We recently gained some additional judicial support for this approach in an order from Magistrate Judge Donna Ryu of the Northern District of California. In In Re: Lithium Ion Batteries Antitrust Litigation, N.D. Cal. (Feb. 24, 2015), the court resolved a dispute between the parties regarding the final details of a mostly-agreed-upon protocol for using search terms. The plaintiffs insisted that, if a quantitative analysis of a challenged search term couldn’t resolve the dispute, defendants must turn over a qualitative sampling of some randomly selected “false positive” (not relevant) documents being returned by the search. Defendants objected to this aspect of the protocol, on the grounds that the federal rules do not entitle plaintiffs to obtain non-responsive, irrelevant documents in discovery.
The judge agreed with plaintiffs, noting that “the best way to refine searches and eliminate unhelpful search terms is to analyze a random sample of documents, including irrelevant ones, to modify the search in an effort to improve precision.” The court went on to explain:
[A] random sample that shows that a search is returning a high proportion of irrelevant documents is a bad search and needs to be modified to improve its precision in identifying relevant documents. The proposed sampling procedure is designed to prevent irrelevant documents from being reviewed or produced in the litigation, and will obviate, or at least clarify, motion practice over the search terms themselves.
But recognizing Defendants’ concern that the sampling protocol would result in the production of irrelevant information to which Plaintiffs have no right, the court ordered protections to guard against the production of any privileged or otherwise sensitive documents in the sample. Indeed, Defendants were given the right to “remove any irrelevant document(s) from the sample for any reason, provided that they replace the document(s) with an equal number of randomly generated document(s)” (emphasis added).

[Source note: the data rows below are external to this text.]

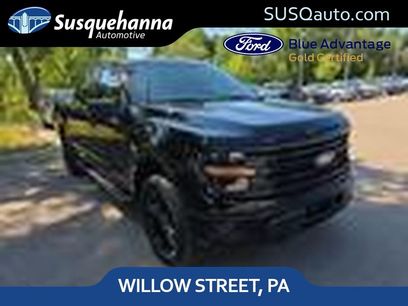 Used 2024 Ford F150 XLT w/ Equipment Group 302A MID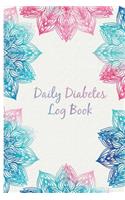 Daily Diabetes Log Book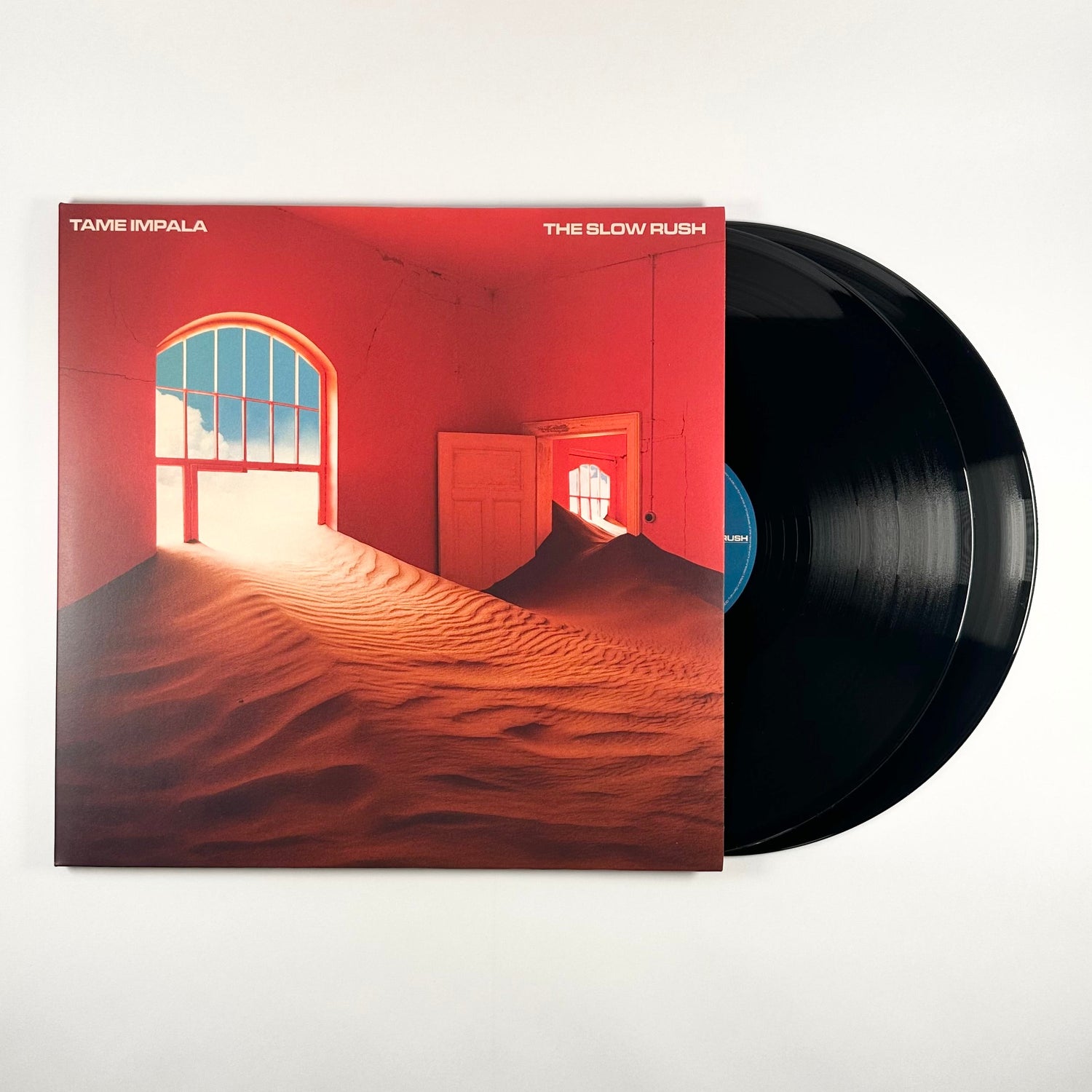 The Slow Rush (180g)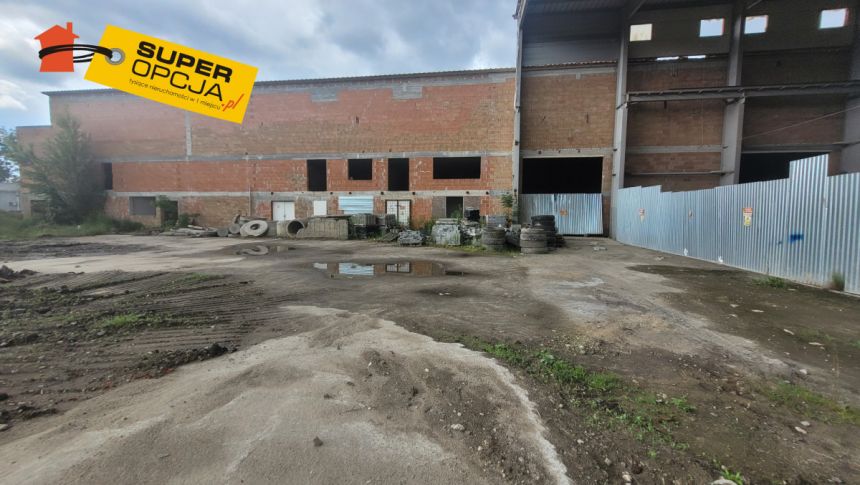 Kraków Podgórze, 9 000 zł, 30 ar, przemysłowa miniaturka 7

In my view, Lithium Ion underscores the idea that lawyers need to loosen their death grip on the notion that irrelevant documents should never voluntarily be produced in discovery. Sure, the other side is not entitled to see non-responsive documents. But if producing a small sampling of them while engaged in search term optimization will reduce motion practice, streamline the discovery process, and save both sides time and money, why not permit the opposing party to see some? Of course, such a voluntary production needs to have safeguards similar to those from Lithium Ion. And in some matters, there may be valid reasons to resist such a process. But in many instances, a facilitative approach to discovery is the better way.